# lotion bars



## wonderland (May 2, 2009)

apricot chamomile

beeswax
cocoa butter
jojoba oil
vitamin e


----------



## LJA (May 2, 2009)

OMG, the face molds are hysterical....lol.  They look great!!  I bet they feel even better.


----------



## heartsong (May 2, 2009)

*x*

  love the molds!  especially the smiley face!   

my skin seems drier this year. my elbows would just love your bars!

nice job!


----------



## wonderland (May 2, 2009)

LJA said:
			
		

> OMG, the face molds are hysterical....lol.  They look great!!  I bet they feel even better.

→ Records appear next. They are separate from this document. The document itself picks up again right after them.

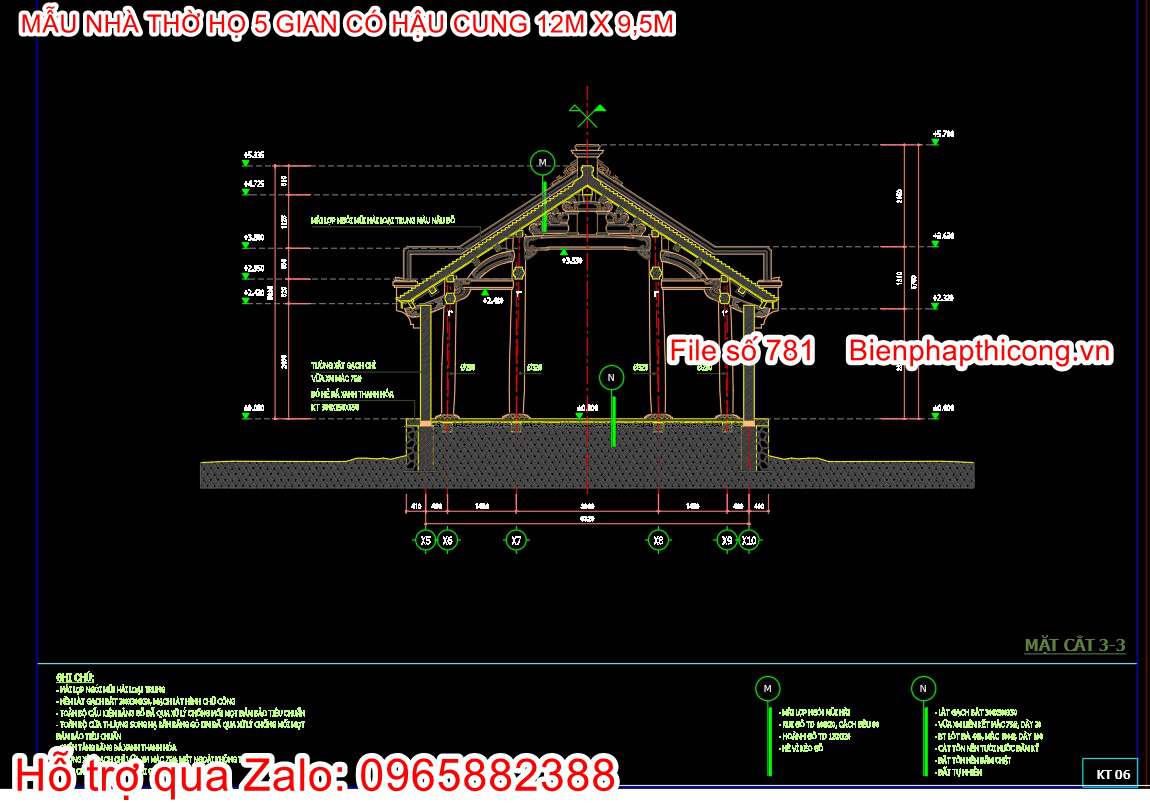Tải bản vẽ cad nhà thờ họ 5 gian có hậu cung.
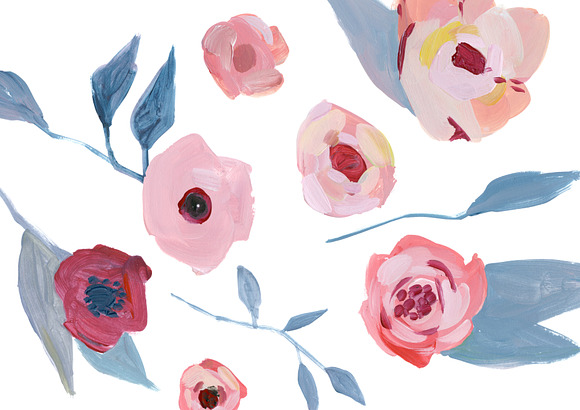 Hand painted peony flowers & leaves in Illustrations - product preview 4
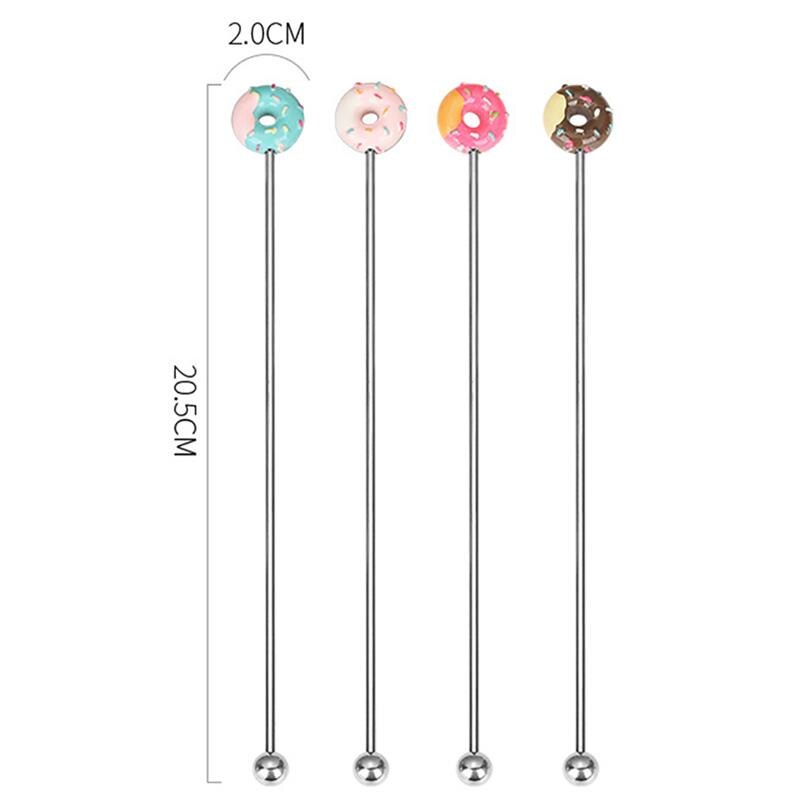 4PCS Swizzle Stick Donut Shape Stainless Steel Swizzle Stick Round Head Mixing Cocktail Coffee Stirrers Wine Drink Bar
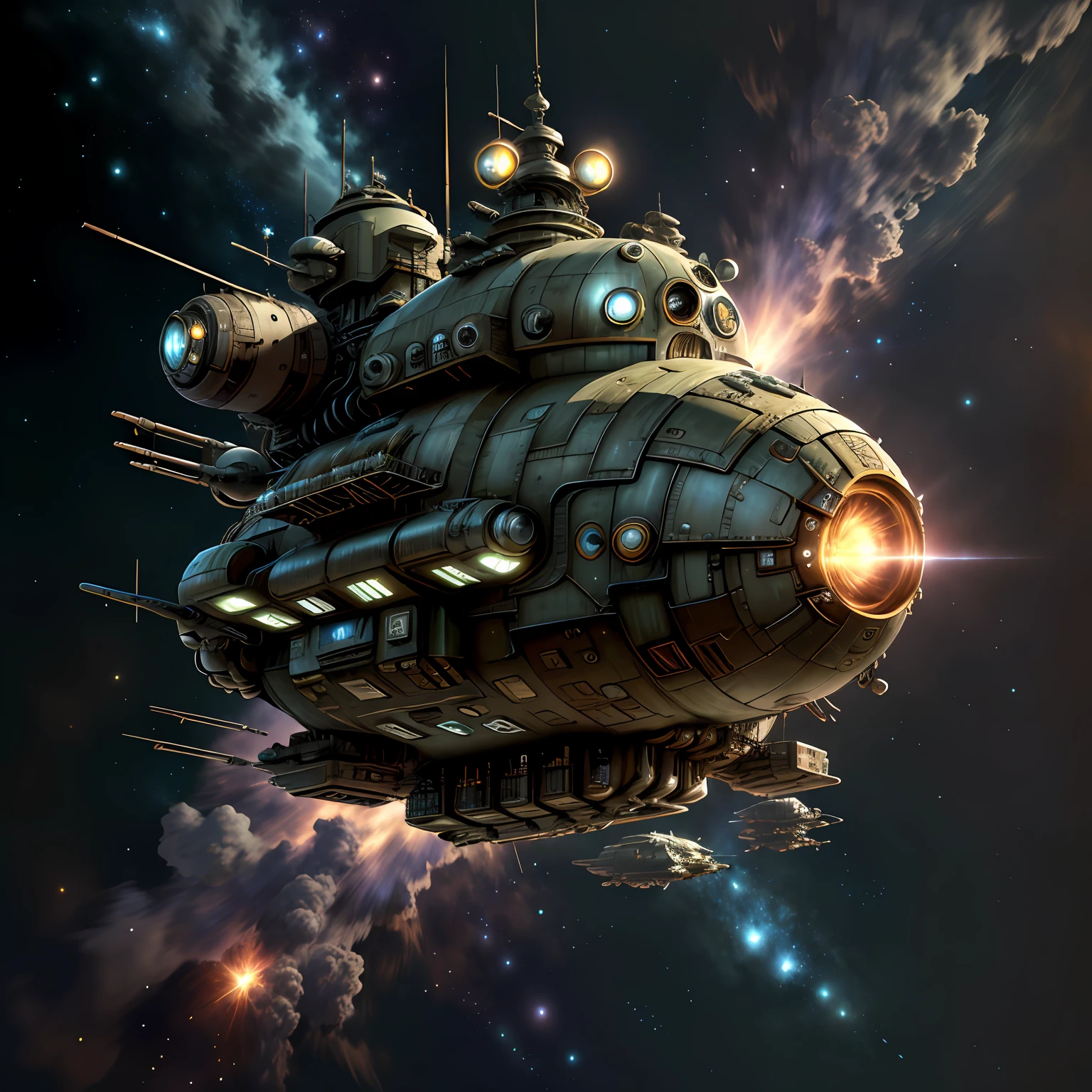 DieselPunkAI spaceship in space, stars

yeah, they're cute little rascals.  i used to make m&p soaps and i used those molds for guest soaps and samples.  

i've been wanting to make some for a while now, and they feel great.  i'd like to put them in round push-up tubes.  guess i should do a search.  LOL


----------



## wonderland (May 2, 2009)

*Re: x*



			
				heartsong said:
			
		

> love the molds!  especially the smiley face!
> 
> my skin seems drier this year. my elbows would just love your bars!
> 
> nice job!



heh!  the first place i tested on was my elbows.  i love them!!


----------



## heartsong (May 3, 2009)

*x*

you might like to try one of these sites for tubes:

www.ebottles.com
www.sks.com


----------



## Dixie (May 3, 2009)

Too cute! luv um!


----------



## wonderland (May 3, 2009)

i found some here, heartsong...

http://www.chemistrystore.com/search.cg ... h+up+tubes


----------



## Guest (May 3, 2009)

Those are so neat , I am sure they feel great on your skin. Way to go.

Kitn


----------



## Lindy (May 4, 2009)

Heartsong!!  Those look fantastic - I absolutely love those face molds and have been lusting after them forever!  Congrats on a fabulous looking lotion bar!


----------



## SimplyE (May 4, 2009)

ROFLMAO!!!!!  Those rock!!!  I can't stop giggling!


----------



## wonderland (May 4, 2009)

Lindy said:
			
		

> *Heartsong!!  Those look fantastic *- I absolutely love those face molds and have been lusting after them forever!  Congrats on a fabulous looking lotion bar!



err...i made them.    

i got the molds off ebay about a year or so ago.  not expensive at all.


----------



## Lindy (May 4, 2009)

Wonderland - okay my brain is definately still asleep - they rock!!!!!!!!!!!!!!!!!!  I am so sorry for my brain fart -


----------



## wonderland (May 4, 2009)

Lindy said:
			
		

> Wonderland - okay my brain is definately still asleep - they rock!!!!!!!!!!!!!!!!!!  I am so sorry for my brain fart -


----------



## NewSoapieFreak (May 4, 2009)

You inspired me!  I made one to sell and one to use.  I had all of the ingredients already and it was so simple!

I'd love to make some in other fragrances soon.


----------



## honor435 (May 5, 2009)

So cool, so i melt ingredients, then put in mold, how long do i cure, or are they ready to use?


----------



## NewSoapieFreak (May 5, 2009)

honor435 said:
			
		

> So cool, so i melt ingredients, then put in mold, how long do i cure, or are they ready to use?



I unmolded after about an hour and used a few hours later.  Oh, I did stick it in the fridge for a while.  Seems a lot of people store them in the fridge, especially in hot weather since shea has a pretty low melting point.


----------



## wonderland (May 5, 2009)

honor435 said:
			
		

> So cool, so i melt ingredients, then put in mold, how long do i cure, or are they ready to use?



they're ready to use when they've hardened.



			
				NewSoapieFreak said:
			
		

> I unmolded after about an hour and used a few hours later.  Oh, I did stick it in the fridge for a while.  Seems a lot of people store them in the fridge, especially in hot weather since shea has a pretty low melting point.



i thought about putting them in the fridge but then decided not to.  i was worried they would "sweat" when i took them out to use.


----------



## honor435 (May 5, 2009)

imade some today! i did heart shapes and they do pop right out of molds! I scented some lemongrass and some ginger/white tea, the tea ones i did with cocoa butter, the kind smell like chocolate, oh well. It was fun and so easy. Thanks for the inspiration.


----------